Timothy Ray Brown
Timothy Ray Brown, the "Berlin Patient", was cured of HIV in 2007 Getty

Only one person, Timothy Ray Brown - the "Berlin Patient" - is believed to have been cured of HIV in history.

Since his HIV was eradicated in 2007 in Germany when he underwent treatment for leukaemia, it is not know exactly what cured him. His case remains one of the most studied on the virus in history and now, an experiment has found a rare genetic mutation in the person who donated bone marrow to Brown may have helped.

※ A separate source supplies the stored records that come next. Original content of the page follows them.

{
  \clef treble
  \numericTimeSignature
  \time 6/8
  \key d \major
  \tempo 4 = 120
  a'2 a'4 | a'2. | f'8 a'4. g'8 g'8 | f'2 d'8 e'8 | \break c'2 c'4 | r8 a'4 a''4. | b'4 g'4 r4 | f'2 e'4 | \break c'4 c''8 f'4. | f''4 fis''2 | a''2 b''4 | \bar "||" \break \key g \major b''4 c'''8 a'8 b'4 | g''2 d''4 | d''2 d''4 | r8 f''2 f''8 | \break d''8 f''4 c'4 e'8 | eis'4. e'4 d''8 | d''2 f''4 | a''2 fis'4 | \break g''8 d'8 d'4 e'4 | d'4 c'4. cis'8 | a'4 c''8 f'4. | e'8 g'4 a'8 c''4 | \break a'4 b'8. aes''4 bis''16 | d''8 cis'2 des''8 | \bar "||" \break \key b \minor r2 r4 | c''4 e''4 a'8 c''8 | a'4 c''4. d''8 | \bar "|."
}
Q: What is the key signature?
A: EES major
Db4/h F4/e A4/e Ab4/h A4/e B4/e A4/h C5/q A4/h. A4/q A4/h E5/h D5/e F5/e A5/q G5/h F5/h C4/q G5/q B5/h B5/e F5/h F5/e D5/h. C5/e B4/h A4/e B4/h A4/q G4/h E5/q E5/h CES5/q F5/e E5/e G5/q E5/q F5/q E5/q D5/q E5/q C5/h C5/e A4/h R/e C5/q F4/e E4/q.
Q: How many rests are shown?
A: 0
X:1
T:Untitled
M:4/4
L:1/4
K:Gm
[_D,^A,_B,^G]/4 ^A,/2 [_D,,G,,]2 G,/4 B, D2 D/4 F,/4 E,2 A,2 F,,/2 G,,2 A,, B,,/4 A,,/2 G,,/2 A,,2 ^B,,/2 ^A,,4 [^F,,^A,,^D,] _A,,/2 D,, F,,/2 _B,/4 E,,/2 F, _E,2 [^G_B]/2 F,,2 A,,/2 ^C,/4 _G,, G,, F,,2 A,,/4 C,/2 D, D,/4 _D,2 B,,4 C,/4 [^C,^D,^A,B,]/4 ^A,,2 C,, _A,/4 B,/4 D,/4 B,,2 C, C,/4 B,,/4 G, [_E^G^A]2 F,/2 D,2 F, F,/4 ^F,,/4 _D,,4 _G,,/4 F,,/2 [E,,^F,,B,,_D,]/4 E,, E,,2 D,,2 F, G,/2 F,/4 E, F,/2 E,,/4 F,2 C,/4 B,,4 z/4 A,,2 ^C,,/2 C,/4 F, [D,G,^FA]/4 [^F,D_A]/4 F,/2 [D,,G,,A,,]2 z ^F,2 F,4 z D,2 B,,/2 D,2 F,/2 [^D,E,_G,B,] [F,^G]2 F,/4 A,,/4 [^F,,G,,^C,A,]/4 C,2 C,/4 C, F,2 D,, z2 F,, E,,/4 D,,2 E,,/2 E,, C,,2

For his treatment, Brown first underwent radiation therapy to kill the cancerous cells and stem cells in his bone marrow that were creating them. He then received a bone-marrow transplant from a healthy donor to generate new blood cells.

Afterwards, Brown's leukaemia was in remission and his HIV levels fell to undetectable. They have remained that way and Brown has not needed to take antiretroviral drugs.

The reason HIV is still undetectable in Brown could be that the bone-marrow transplant was from a donor who had a rare genetic mutation that allows a person's CD4-T cells, which are the target of the virus, to become immune to it.

Two other possibilities - that radiation killed off Brown's HIV cells and that the bone-marrow cells attacked the patient's original cells - were disproved in the latest research.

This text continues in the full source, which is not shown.